It turns out the correct amount of regression to use is roughly half the original regression constant (actually n/(2n-1), where n is the maximum effective weight of the sample based on the decay factor, which is close to 1/2 as long as n isn’t too small).
There wasn’t space in the article to lay out the math behind that statement, but I went through it in a comment on TangoTiger’s blog for those interested.
The n/(2n-1) formula works well for creating a regression model that emulates Elo, which was the purpose of the previous article, but for practical purposes, the impact of weighting past results on the mathematics of regression to the mean is a bit more complicated than that.
There are two important caveats that are critical to understanding why the n/(2n-1) formula isn’t necessarily what we want to use in practice.
First, n/(2n-1) is a long-term limit. Applying an exponential decay to past results places a cap on the total effective sample size. No matter how much data you have, the total weight will never go above a certain point (because this type of weighting creates a geometric series).

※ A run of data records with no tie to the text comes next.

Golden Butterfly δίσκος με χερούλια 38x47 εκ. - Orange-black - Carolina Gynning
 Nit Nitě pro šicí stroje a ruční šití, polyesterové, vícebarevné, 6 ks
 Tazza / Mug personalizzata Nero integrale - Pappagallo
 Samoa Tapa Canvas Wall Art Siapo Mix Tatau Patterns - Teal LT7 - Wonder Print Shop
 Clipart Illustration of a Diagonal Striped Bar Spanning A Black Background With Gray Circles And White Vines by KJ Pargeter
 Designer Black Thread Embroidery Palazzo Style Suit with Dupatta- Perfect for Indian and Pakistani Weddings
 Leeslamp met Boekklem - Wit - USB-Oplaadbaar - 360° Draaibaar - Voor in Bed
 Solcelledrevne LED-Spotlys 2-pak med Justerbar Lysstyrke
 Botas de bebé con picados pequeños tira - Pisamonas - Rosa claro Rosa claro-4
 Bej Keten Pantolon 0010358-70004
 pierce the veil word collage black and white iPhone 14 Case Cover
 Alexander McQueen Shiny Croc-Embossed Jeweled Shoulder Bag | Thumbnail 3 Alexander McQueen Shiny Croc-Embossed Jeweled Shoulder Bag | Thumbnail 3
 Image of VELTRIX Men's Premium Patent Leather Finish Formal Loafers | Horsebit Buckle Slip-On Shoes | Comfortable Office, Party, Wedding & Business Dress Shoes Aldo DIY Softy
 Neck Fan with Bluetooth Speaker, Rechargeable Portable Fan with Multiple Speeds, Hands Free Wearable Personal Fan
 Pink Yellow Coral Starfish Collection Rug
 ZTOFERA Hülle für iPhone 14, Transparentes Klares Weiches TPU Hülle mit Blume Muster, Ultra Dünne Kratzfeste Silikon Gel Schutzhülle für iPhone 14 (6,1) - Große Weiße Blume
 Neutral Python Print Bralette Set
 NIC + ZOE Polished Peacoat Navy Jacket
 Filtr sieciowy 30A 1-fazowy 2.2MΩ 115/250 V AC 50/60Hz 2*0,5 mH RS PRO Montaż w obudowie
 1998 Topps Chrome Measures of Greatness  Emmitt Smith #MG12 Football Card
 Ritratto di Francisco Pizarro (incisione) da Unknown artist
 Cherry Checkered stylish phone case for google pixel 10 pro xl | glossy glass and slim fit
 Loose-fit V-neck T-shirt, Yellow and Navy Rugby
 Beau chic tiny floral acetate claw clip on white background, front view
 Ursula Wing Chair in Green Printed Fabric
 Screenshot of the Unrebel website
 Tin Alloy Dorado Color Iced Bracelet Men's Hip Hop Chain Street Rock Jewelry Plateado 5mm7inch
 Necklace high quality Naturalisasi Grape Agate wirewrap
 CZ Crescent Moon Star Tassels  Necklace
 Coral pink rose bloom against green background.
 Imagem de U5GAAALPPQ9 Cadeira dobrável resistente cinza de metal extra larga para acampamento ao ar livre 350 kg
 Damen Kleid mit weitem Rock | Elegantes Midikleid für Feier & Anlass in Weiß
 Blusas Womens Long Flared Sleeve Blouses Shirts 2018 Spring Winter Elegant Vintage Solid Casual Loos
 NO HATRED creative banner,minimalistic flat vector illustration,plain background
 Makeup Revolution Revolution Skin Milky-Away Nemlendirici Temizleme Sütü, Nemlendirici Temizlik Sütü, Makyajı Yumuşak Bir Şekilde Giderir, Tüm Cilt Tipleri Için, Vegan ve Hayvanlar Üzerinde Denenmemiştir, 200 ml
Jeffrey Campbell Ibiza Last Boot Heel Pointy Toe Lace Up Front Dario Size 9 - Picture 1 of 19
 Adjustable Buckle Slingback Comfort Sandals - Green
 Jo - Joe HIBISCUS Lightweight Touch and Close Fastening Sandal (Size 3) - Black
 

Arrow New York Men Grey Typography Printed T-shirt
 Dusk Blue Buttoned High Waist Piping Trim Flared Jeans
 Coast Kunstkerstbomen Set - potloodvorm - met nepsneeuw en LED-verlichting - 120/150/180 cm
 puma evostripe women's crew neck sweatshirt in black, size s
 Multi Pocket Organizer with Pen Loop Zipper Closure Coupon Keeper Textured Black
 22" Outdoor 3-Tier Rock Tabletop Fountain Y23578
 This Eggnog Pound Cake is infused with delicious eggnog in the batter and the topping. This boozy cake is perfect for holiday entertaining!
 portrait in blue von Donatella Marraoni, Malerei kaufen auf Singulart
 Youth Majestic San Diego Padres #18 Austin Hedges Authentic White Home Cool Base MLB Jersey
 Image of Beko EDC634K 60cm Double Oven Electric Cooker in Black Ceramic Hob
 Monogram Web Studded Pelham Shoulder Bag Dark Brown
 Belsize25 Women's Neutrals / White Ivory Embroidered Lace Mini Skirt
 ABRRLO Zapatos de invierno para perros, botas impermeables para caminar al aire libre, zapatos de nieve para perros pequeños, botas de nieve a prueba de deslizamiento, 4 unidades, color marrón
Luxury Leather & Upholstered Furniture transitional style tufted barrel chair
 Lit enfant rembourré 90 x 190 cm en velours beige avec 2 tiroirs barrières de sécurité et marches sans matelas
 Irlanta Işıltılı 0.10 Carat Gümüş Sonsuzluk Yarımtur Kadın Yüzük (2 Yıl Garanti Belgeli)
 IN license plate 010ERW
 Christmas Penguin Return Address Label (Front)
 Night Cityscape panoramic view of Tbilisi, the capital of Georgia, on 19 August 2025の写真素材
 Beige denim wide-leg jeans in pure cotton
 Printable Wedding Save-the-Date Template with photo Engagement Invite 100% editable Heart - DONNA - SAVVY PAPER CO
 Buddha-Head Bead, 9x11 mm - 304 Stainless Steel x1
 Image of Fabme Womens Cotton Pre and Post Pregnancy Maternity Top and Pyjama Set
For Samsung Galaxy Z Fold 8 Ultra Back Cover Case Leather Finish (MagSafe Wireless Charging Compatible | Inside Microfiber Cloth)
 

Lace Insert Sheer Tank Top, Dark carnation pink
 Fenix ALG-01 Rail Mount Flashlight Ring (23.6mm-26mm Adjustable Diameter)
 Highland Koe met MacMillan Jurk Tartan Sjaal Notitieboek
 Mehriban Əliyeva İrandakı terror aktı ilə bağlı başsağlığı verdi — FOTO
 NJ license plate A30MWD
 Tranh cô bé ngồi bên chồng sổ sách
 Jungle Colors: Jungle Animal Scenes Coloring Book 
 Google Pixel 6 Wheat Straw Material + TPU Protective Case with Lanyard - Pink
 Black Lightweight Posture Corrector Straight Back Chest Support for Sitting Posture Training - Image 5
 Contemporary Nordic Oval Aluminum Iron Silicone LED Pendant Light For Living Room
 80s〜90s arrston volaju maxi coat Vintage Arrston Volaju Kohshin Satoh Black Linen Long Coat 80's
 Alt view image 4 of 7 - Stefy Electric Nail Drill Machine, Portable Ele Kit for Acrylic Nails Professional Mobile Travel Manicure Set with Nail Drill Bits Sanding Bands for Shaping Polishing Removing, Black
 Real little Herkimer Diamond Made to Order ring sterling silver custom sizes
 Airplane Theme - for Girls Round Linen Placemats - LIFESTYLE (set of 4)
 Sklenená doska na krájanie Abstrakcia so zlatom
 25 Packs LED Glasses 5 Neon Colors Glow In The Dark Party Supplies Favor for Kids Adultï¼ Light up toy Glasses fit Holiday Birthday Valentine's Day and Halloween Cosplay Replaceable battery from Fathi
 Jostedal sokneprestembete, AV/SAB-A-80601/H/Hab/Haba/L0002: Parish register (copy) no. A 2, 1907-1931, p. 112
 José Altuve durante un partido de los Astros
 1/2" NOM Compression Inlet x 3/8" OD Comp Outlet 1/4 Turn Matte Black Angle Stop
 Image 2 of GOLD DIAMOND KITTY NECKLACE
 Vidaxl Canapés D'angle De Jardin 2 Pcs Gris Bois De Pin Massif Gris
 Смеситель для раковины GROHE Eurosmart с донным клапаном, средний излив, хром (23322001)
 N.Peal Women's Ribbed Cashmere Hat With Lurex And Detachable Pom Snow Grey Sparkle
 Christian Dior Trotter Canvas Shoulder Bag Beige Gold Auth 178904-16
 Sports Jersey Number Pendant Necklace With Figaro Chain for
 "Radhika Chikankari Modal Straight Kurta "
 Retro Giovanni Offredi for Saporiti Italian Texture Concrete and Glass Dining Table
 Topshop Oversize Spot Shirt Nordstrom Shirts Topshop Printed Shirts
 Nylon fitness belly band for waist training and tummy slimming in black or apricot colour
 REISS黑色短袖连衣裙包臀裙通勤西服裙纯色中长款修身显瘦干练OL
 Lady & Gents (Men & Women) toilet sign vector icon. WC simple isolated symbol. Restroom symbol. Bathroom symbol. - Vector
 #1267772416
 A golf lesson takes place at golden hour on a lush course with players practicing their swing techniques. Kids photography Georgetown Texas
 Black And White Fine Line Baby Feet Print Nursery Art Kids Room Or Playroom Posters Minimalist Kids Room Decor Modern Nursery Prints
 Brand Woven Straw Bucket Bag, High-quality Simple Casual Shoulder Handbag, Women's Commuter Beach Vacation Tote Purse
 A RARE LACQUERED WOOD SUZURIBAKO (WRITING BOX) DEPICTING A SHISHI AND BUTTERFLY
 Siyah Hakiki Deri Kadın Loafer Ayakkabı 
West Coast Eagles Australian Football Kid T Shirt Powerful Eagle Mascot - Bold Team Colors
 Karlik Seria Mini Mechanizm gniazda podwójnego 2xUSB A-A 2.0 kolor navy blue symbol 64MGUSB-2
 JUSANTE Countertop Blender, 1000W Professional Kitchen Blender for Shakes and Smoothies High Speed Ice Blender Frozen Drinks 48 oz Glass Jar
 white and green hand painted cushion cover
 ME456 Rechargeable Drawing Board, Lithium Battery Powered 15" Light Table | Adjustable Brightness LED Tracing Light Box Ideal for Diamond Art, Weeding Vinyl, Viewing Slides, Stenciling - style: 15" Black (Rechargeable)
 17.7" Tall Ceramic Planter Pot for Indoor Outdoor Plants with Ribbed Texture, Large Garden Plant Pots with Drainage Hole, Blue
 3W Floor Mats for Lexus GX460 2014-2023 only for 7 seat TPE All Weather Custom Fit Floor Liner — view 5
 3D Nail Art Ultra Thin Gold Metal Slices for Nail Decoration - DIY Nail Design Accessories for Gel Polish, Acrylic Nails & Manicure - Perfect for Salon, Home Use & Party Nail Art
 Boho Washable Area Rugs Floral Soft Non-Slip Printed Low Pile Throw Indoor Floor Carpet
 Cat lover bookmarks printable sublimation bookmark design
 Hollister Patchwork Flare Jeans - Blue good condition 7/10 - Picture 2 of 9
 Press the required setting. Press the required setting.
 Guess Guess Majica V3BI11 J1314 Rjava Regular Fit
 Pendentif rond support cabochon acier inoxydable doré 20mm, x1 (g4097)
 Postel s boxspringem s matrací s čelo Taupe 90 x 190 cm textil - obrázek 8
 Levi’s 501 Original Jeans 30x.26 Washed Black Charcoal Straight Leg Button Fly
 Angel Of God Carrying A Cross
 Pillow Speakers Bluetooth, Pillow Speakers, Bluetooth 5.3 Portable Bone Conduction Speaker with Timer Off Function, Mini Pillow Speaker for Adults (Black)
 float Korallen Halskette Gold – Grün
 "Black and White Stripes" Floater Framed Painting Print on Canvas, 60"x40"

As the effective sample size approaches the limit n, the regression constant approaches the limit C * n/(2n-1), where C is the original regression constant. With the sample sizes we typically work with for projecting baseball teams or players, though, the regression constant generally doesn’t have enough time to reach the long-term limit.
Second, the math behind that formula relies on the simplified assumption that talent levels are constant for each team or player in the sample. In reality, the need to weight past results implies the underlying talent levels are changing, which can have additional implications on the regression constant that make this a lot messier. This wasn’t an issue with trying to emulate Elo, which gives an un-regressed estimate, but for creating an actual regression-based model, it will be.
This second point is especially important. In the math linked in the comment on Tango’s blog, the takeaway is that the regression constant is linked closely with the amount of variance in the sample. The reason the regression constant changes when you weight for recency is that doing so distorts the amount of variance.
This is important because the complications involved with changing talent levels also center around distorting the amount of variance in the sample. This means that, while we could adjust the n/(2n-1) formula to work for any sample length and not just as a long-term limit, it would still have problems due to the distortions introduced by changing talent levels.
General Principle No. 1
The regression constant is closely related to the amount of variance in your sample. Factors that can affect the variance, such as weighting past results or changes in talent levels over time, can produce corresponding changes in the regression constant.
Estimating the Regression Constant
The basic method to calculate the regression constant is to split your sample into two halves and measure the correlation between them. If you’ve ever seen an article on how long it takes particular stats to “stabilize” (such as Russell Carleton’s or Derek Carty’s) the author was likely doing something along these lines.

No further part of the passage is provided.